27.11.07

O palito

Por Nuno Crato
NÃO DEVE HAVER OBJECTO MAIS SIMPLES nem manufactura aparentemente mais banal. Apenas usa uma matéria prima, vende-se sem manual de instruções, não necessita de montagem nem de manutenção. Mas tem uma história longa e fascinante.
Antepassados dos modernos palitos eram usados pelos Egípcios, Gregos e Romanos, que se serviam de lascas de madeira para limpar os dentes e faziam palitos de metal que incorporavam na joalharia da época.
O naturalista Plínio o Antigo e outros sábios da Antiguidade discutiam as vantagens dos diversos tipos de madeira. E o poeta romano Martialis ridicularizava em verso os desdentados que se passeavam na rua com inúteis palitos na boca, apenas para disfarçar a sua decrepitude.
No Renascimento usavam-se penas de ganso. Durante a revolução industrial desenvolveram-se processos de corte de madeira e fizeram-se grandes progressos na indústria. Usaram-se as técnicas mais modernas e estudaram-se matematicamente os melhores processos de aparo. Fizeram-se cortes triangulares e desenharam-se palitos em forma de tetraedro alongado.
Ainda antes das técnicas matemáticas de optimização de corte, maximizava-se a resistência e minimizava-se o desperdício.
Um dos países que mais se destacaram no negócio foi Portugal, que servia de exemplo aos próprios Estados Unidos (Petroski, «The Toothpick», Knopf, 2007).

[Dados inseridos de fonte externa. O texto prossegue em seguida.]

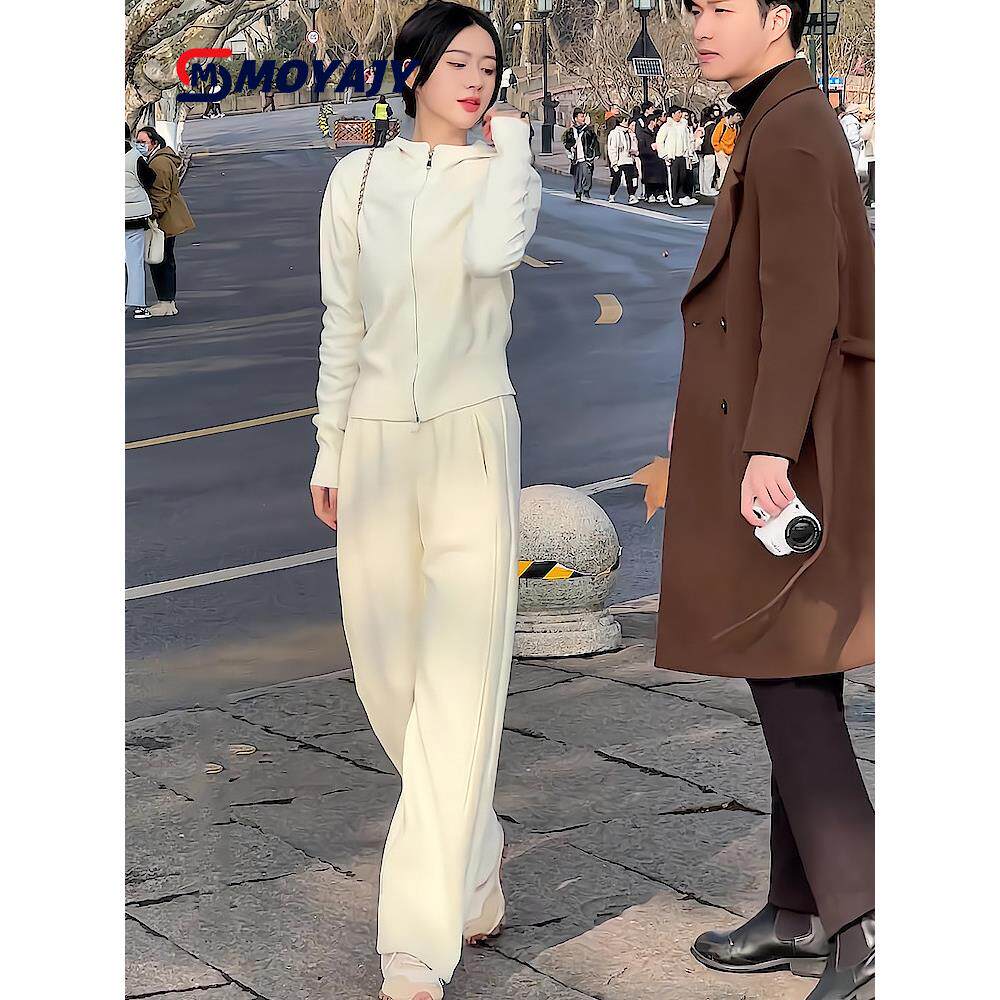 MOYAJY品牌休闲时尚运动套装秋纯色拉炼开衫显瘦减龄上衣两件套女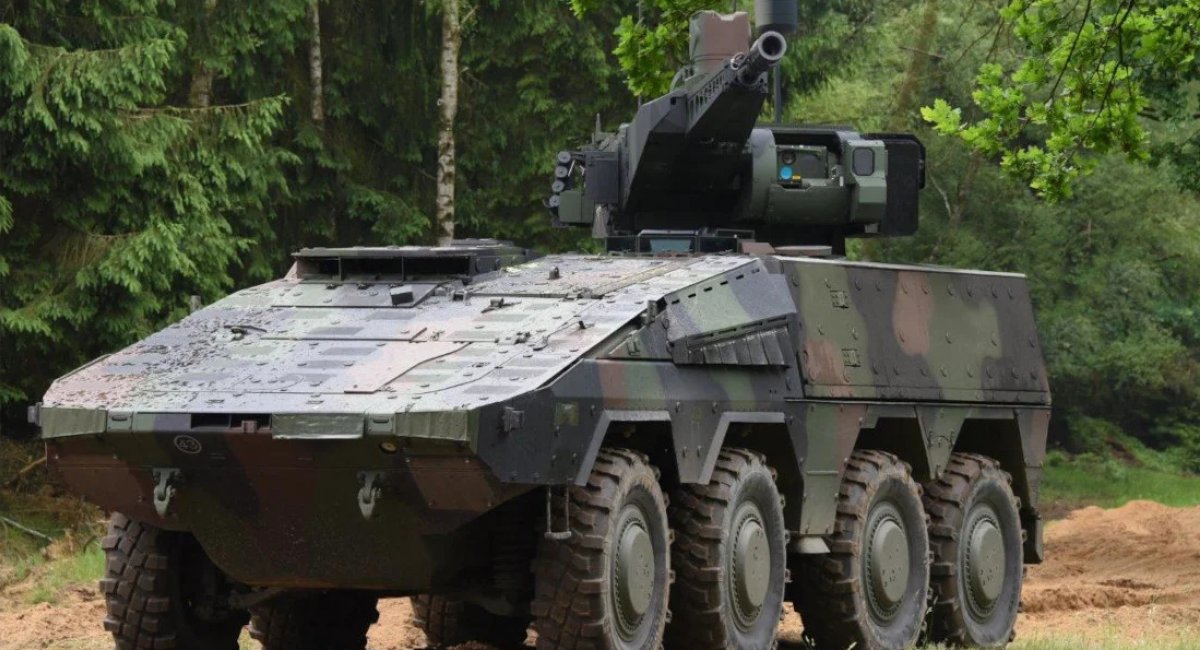 ББМ GTK Boxer з баштою RCT30, що і стало БМП Schakal. Фото: ARTEC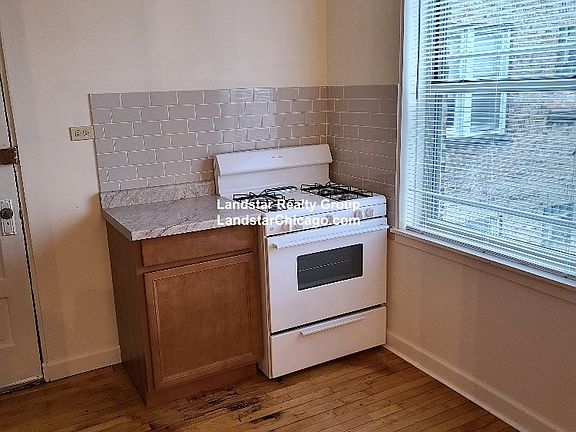 3rd image of 3852 W Ainslie St #3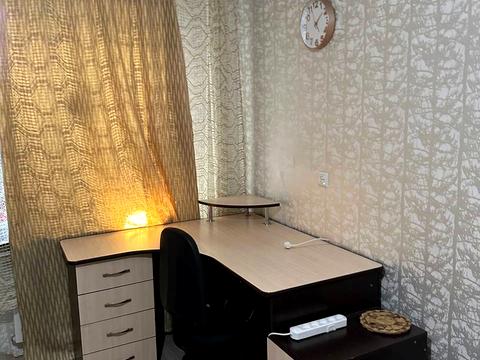 квартира за адресою Ревуцького вул., 18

Em 1817, tentando convencer os ainda recalcitrantes críticos da industrialização, a Sociedade Americana para Promoção da Manufactura recordava o exemplo da indústria de palitos do Lorvão, perto de Coimbra: «Será que as indústrias degradam Portugal?», perguntava. «Será que a manufactura de palitos é feita na Universidade de Coimbra?»